4.11. Histological Analyses

Immunohistochemistry for Ki67 (GB111499‐100, Servicebio), immunofluorescence for IL‐6 (ab290735, abcam) and TNF‐α (17590‐1‐AP, Proteintech), and H&E staining were performed on paraffin‐embedded mouse tissue sections. To detect apoptosis in the endometriosis lesions, additional frozen sections were prepared and TUNEL assay (C1088, Beyotime) was performed according to the manufacturer's instructions. All sections were scanned using a confocal microscope (LSM880, Zeiss) or Olympus IX71 fluorescence microscope. Positive‐stained cells were counted in four randomly selected fields, and the staining signals were quantified.

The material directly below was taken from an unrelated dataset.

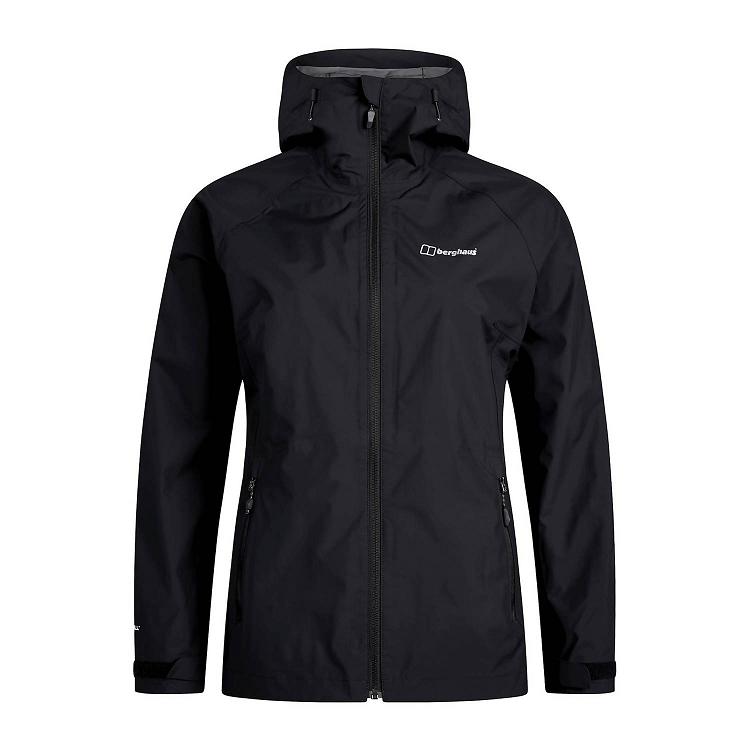 Dámska Nepremokavá Bunda Berghaus Gore Tex Deluge Pro Čierne Slovensko 0523ROXUV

4.12. Stereotaxic Viral Injection

Mice were anesthetized with an intraperitoneal injection of pentobarbital sodium (20 mg/kg) and secured in a stereotaxic apparatus (RWD Life Science). Core body temperature was maintained at 36°C using a heating pad throughout the procedure. After a midline incision of the scalp to expose the skull, the skull was leveled, and small holes were drilled using a dental drill. A glass micropipette loaded with the designated virus was connected to a microsyringe pump (RWD Life Science) for infusion. Viral volumes ranging from 200 to 300 nL were delivered at a constant rate of 50 nL /min, adjusted based on viral titer and expression efficiency. The anterior cingulate cortex (ACC) was targeted using the following stereotaxic coordinates: anteroposterior (AP) +1.09 mm from bregma, mediolateral (ML) ±0.3 mm from the midline, and dorsoventral (DV) −1.75 mm from the cortical surface. To minimize viral reflux, the injection pipette was left in place for an additional 10 min after infusion.

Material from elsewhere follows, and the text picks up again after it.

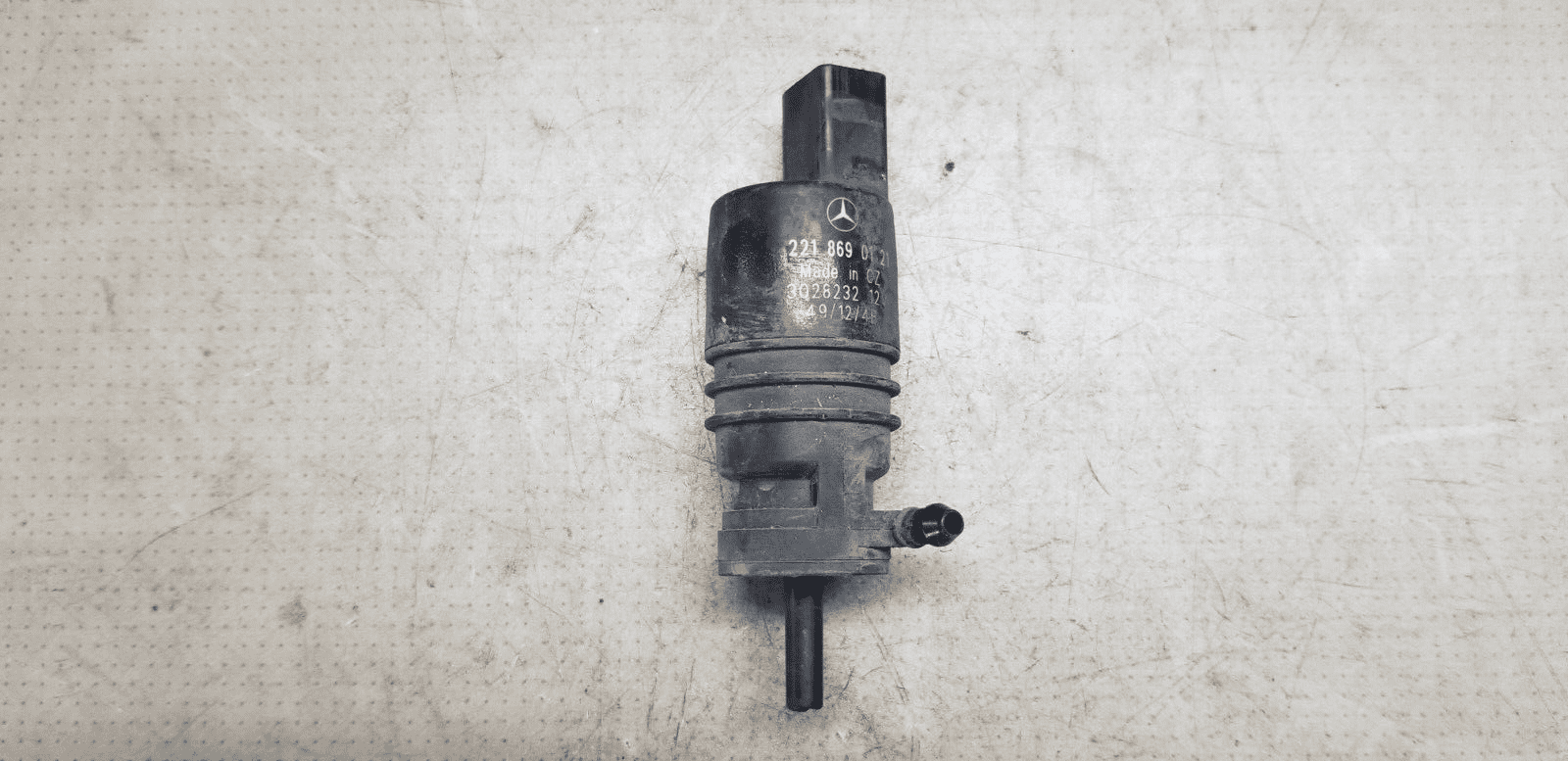 MERCEDES C Class W209 W211 W203 W204 W221 W212 Windscreen Washer Pump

For fiber‐photometry recordings, mice received contralateral stereotaxic injections into the ACC of 300 nL AAV2/9‐CaMKIIα‐GCaMP6m (PT‐0111, BrainVTA) or AAV2/9‐hSyn‐iGluSnFR (PT‐1140, BrainVTA) at AP +1.09 mm, ML +0.30 mm, DV −1.75 mm to report Ca² ⁺ signals or glutamate levels, respectively. Immediately after virus delivery, an optical fiber (200 µm OD, NA 0.39; RWD Life Science) mounted on a cannula was positioned with its tip 20 µm dorsal to the injection site and fixed using Super‐Bond C2B dental acrylic (NISSIN, Yokohama). Photometry was performed no earlier than two weeks after injection.

For cannula infusion, a single guide cannula (RWD Life Science) was implanted above the ACC. An optical fiber was inserted at an oblique angle beneath the cannula to monitor fluorescence signals. Following a postoperative recovery period of no less than 14 days, a hydrogen sulfide (H₂S) probe (WSP‐1, 1 mM; Shanghai Maokang Biotechnology Co. Ltd.) was administered via a microinjector cannula, which extended 0.5 mm beyond the guide cannula tip.

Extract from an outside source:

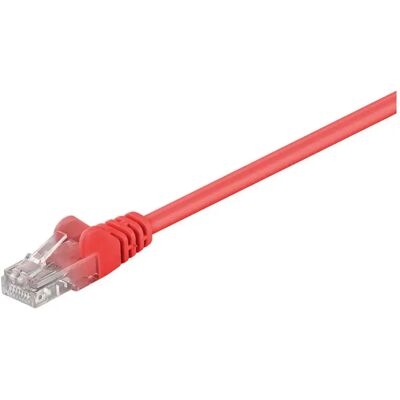 MicroConnect Cat5e UTP RJ45 1.5m -verkkokaapeli, punainen MicroConnect Cat5e UTP RJ45 1.5m -verkkokaapeli, punainen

4.13. In Vivo Fiber Photometry Recording

After two weeks of postsurgical recovery and adaptation, recordings were obtained with a THINKERTECH fiber‐photometry system. A two‐channel configuration enabled excitation at 480 nm to capture calcium/green signals and at 405 nm for a reference channel; the reference trace was used to control for motion noise. Analog voltage signals were digitized at 100 Hz using a fiber photometry DAQ digitizer, and FiberPhotometry_dual_color_v2.0.vi (THINKERTECH) handled data logging. The laser output was tuned within 40–70 µW. Use the following methods to analyze the fiber photometric results: In the experiment of Ca²⁺ indicator and H₂S probe, we calculate the value of fluorescence change (ΔF/F), which is defined as (ΔF/F) = (F‐F0)/(F0‐Fbaseline). F is defined as the real‐time value of fluorescence signal after the optical fiber recording system is connected to the mouse head, and F0 is defined as the average fluorescence signal value after the optical fiber recording system is connected to the mouse head.

4.14. Immunofluorescence

Mice were deeply anesthetized with pentobarbital sodium (50 mg/kg, i.p.) and transcardially perfused with ice‐cold phosphate‐buffered saline (PBS, 0.1 M, pH 7.4) to flush out the blood. Once the circulation was cleared, 4% paraformaldehyde (PFA) was perfused to achieve tissue fixation. Brains were carefully dissected, post‐fixed in 4% PFA at 4°C overnight, and then dehydrated in a 30% sucrose solution at 4°C overnight. The brains were subsequently embedded in optimal cutting temperature (OCT) compound (Sakura) and stored at −20°C. Coronal sections (40 µm thick) containing the anterior cingulate cortex (ACC) and optical fiber tracks were prepared using a freezing microtome (MNT, SLEE, Mainz).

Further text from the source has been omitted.